Austen never mentions it, but it is the kind of book we find her reading: histories, travel books, culture, memoirs, and in good 20th and 21st century accounts of Cornwall’s history and culture and geography Carew is still quoted as an authoritative source. The mid-18th century sees the beginning of archeaological digs and accounts of them in books. I would like to assume she read it, for if she did, she could have known as much about Cornwall and more as most general readers would today.

For a fourth and speculative type, Austen could have read some of the sources Winston Graham used, like reformist exposés of prison conditions. See The History of Bodmin Jail, 1779, compiled by Bill Johnson (2006).
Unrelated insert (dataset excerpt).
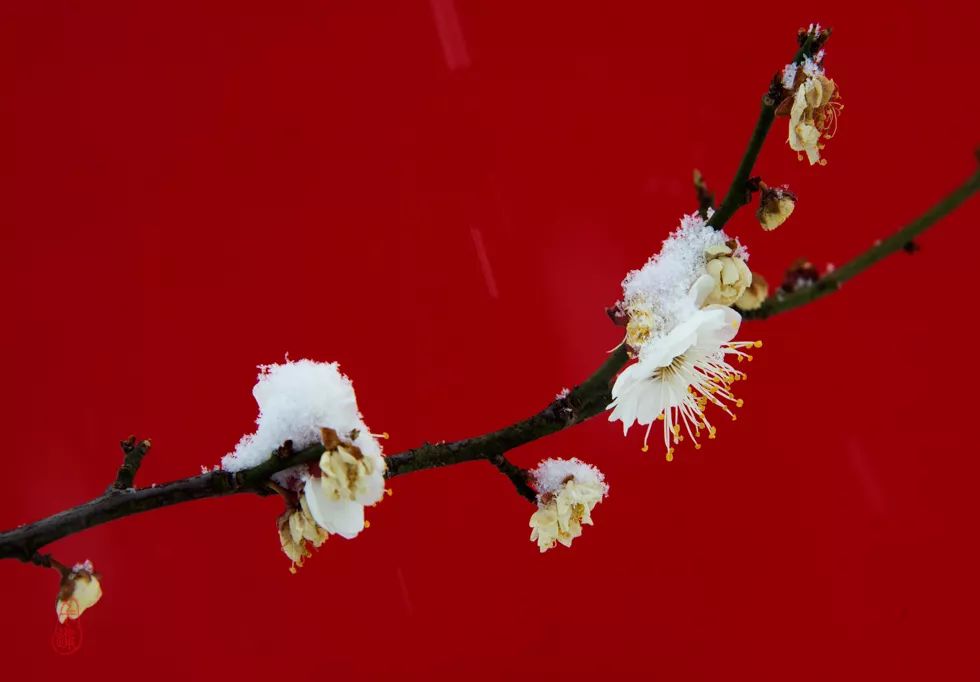 现代中式韵境，龙誉城 140 平家居艺术-15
We know she visited another prison with her brother and was too appalled to describe what she saw.

She would have known of the Wesleys and clearly knew of the spread of methodism (in its evangelical reactionary phases in Hannah More and elsewhere); but again we are up against mostly silence or no specific evidence.

On religious radical religious movements, emigration and myths and legends associated with or rooted in Cornwall gaining new ground in her period (Arthurian, Druidic), like some sceptical or careful Enlightenment types of her era, she might have shown little interest; like others newly interested in the history of poetry, e.g., Thomas Warton in his History of English Poetry, she would come across Arthur in Chaucer and Spenser. We know she read the poets of the later 18th century.
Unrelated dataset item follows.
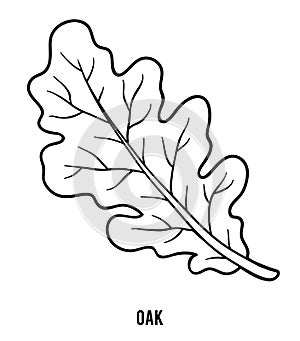 Coloring book, Oak leaf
We can find some specific authors and books from the peripheries (so to speak) where we know for sure she read well-grounded observations, in this case mostly about Scotland: Johnson and Boswell’s twin tours and Anne MacVicar Grant)’s memoirs. Here is one of my favorite of Grant’s poems, from her Poems on Various Subjects, a “familiar epistle” to Anne’s good friend of many years, Beatrice, remembering when they were young and aspired to be poets:

When to part us, loud storms and deep gullies conspir’d,
And sublime meditation to garrats [sic] retir’d;
To the workings of fancy to give a relief,
We sat ourselves down to imagine some grief,
Till we conjur’d up phantoms so solemn and sad,
As, if they had lasted, would make us half mad;
Then in strains so affecting we pour’d the soft ditty,
As mov’d both the rocks and their echoes to pity [but]
The cottage so humble, or sanctified dome,
For the revels of fancy afforded no room;
And the lyre and the garland, were forc’d to give place
To duties domestic … (reprinted in Breen, Women Romantic Poets, 1785-1832, pp 88-93)

In Austen’s active life, she traveled all around the coast of southern and once to western England — once as far as Wales, about which (again) we have some sketch-y knowledge: see Diana Birchall’s Jane Austen at the Seaside.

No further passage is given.